Operating Cabin: the operating cabin sits just above the slewing unit. It contains the operating controls.
Jib: the jib, or operating arm, extends horizontally from the crane. A “luffing” jib is able to move up and down; a fixed jib has a rolling trolley that runs along the underside to move goods horizontally.
Hook: the hook (or hooks) is used to connect the material to the crane. It hangs at the end of thick steel cables that run along the jib to the motor.
Weights: Large concrete counterweights are mounted toward the rear of the mast, to compensate for the weight of the goods lifted.
A tower crane is usually assembled by a telescopic jib (mobile) crane of greater reach (also see “self-erecting crane” below) and in the case of tower cranes that have risen while constructing very tall skyscrapers, a smaller crane (or derrick) will often be lifted to the roof of the completed tower to dismantle the tower crane afterwards, which may be more difficult than the installation.
Four self-erecting tower cranes mounted on the roof of 1st observatory (height 375 m) of Tokyo Skytree (Tower tip and two crane operator as of 497 m)
Generally a type of tower crane, these cranes, also called self-assembling, jack-up, or “kangaroo” cranes, lift themselves from the ground or lift an upper, telescoping section using jacks, allowing the next section of the tower to be inserted at ground level or lifted into place by the partially erected crane itself.
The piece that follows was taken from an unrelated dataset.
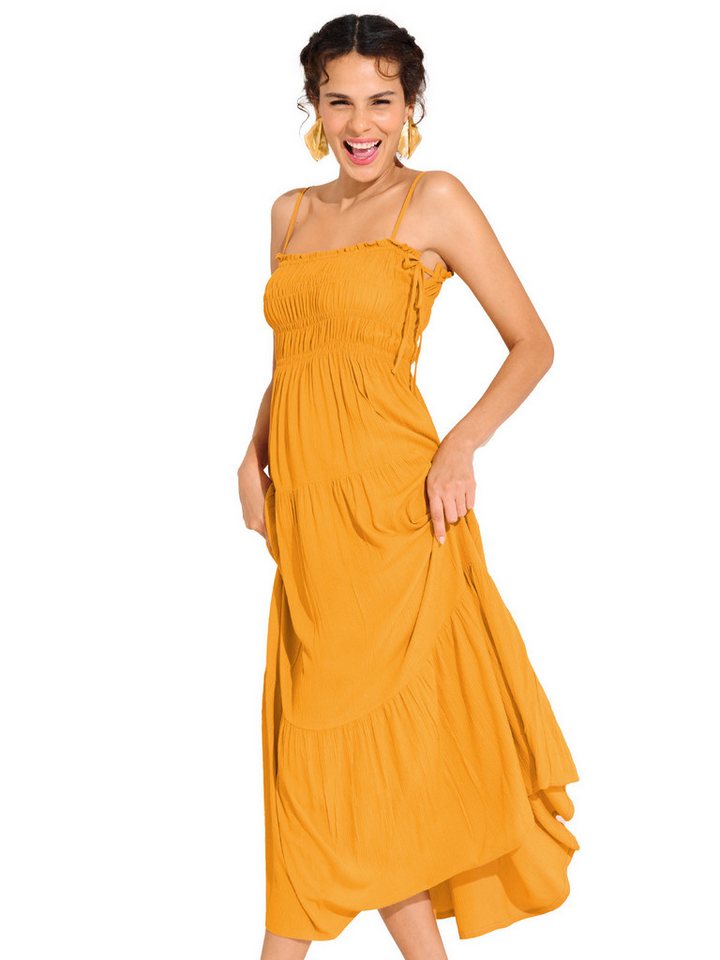 Lisca Strandkleid Strand Kleid Karpathos (Stück, 1-tlg) - von Lisca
They can thus be assembled without outside help, and can grow together with the building or structure they are erecting.
For a video of a crane getting taller, see here :
For another animation of such a crane in use see this video : (Here, the crane is used to erect a scaffold which in turn contains a gantry to lift sections of a bridge spire.)
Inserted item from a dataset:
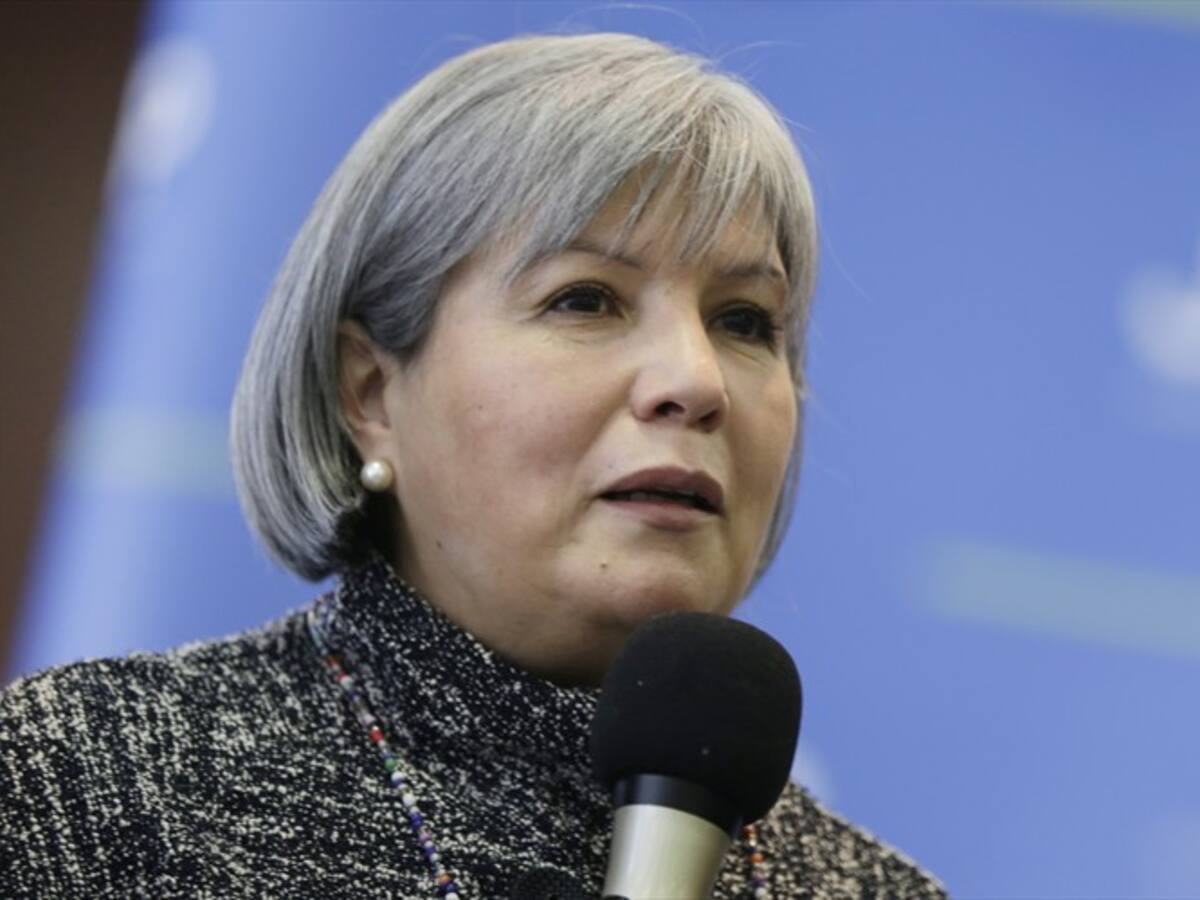 Queremos compartir los avances, retos y desafíos que tiene la JEP: Patricia Linares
A telescopic crane has a boom that consists of a number of tubes fitted one inside the other. A hydraulic or other powered mechanism extends or retracts the tubes to increase or decrease the total length of the boom. These types of booms are often used for short term construction projects, rescue jobs, lifting boats in and out of the water, etc. The relative compactness of telescopic booms make them adaptable for many mobile applications.
Though not all telescopic cranes are mobile cranes, many of them are truck-mounted.
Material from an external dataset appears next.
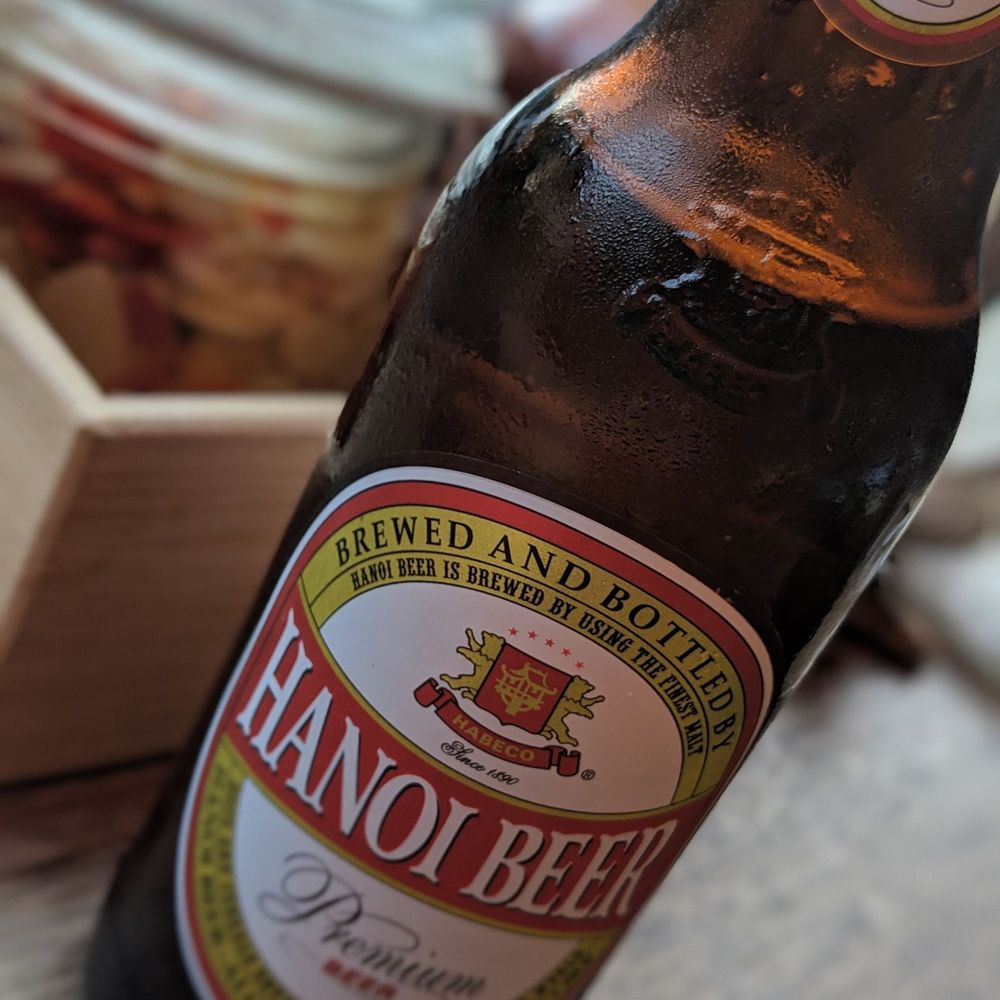 Nem Kitchen - Mmmmn beer - Vietnamese Near Me - Waterloo, NSW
A telescopic tower crane has a telescopic mast and a superstructure (jib) on top so that it functions as a tower crane. Some telescopic tower cranes also have a telescopic jib.
The “hammerhead”, or giant cantilever, crane is a fixed-jib crane consisting of a steel-braced tower on which revolves a large, horizontal, double cantilever; the forward part of this cantilever or jib carries the lifting trolley, the jib is extended backwards in order to form a support for the machinery and counterbalancing weight. In addition to the motions of lifting and revolving, there is provided a so-called “racking” motion, by which the lifting trolley, with the load suspended, can be moved in and out along the jib without altering the level of the load. Such horizontal movement of the load is a marked feature of later crane design. These cranes are generally constructed in large sizes and can weigh up to 350 tons.
The design of hammerkran evolved first in Germany around the turn of the 19th century and was adopted and developed for use in British shipyards to support the battleship construction program from 1904 to 1914. The ability of the hammerhead crane to lift heavy weights was useful for installing large pieces of battleships such as armour plate and gun barrels. Giant cantilever cranes were also installed in naval shipyards in Japan and in the United States. The British government also installed a giant cantilever crane at the Singapore Naval Base (1938) and later a copy of the crane was installed at Garden Island Naval Dockyard in Sydney (1951). These cranes provided repair support for the battle fleet operating far from Great Britain.
In the British Empire, the engineering firm Sir William Arrol & Co Ltd was the principal manufacturer of giant cantilever cranes; the company built a total of fourteen. Among the sixty built in the world, few remain; seven in England and Scotland of about fifteen worldwide.
The Titan Clydebank is one of the 4 Scottish cranes on the Clydebank and preserved as a tourist attraction.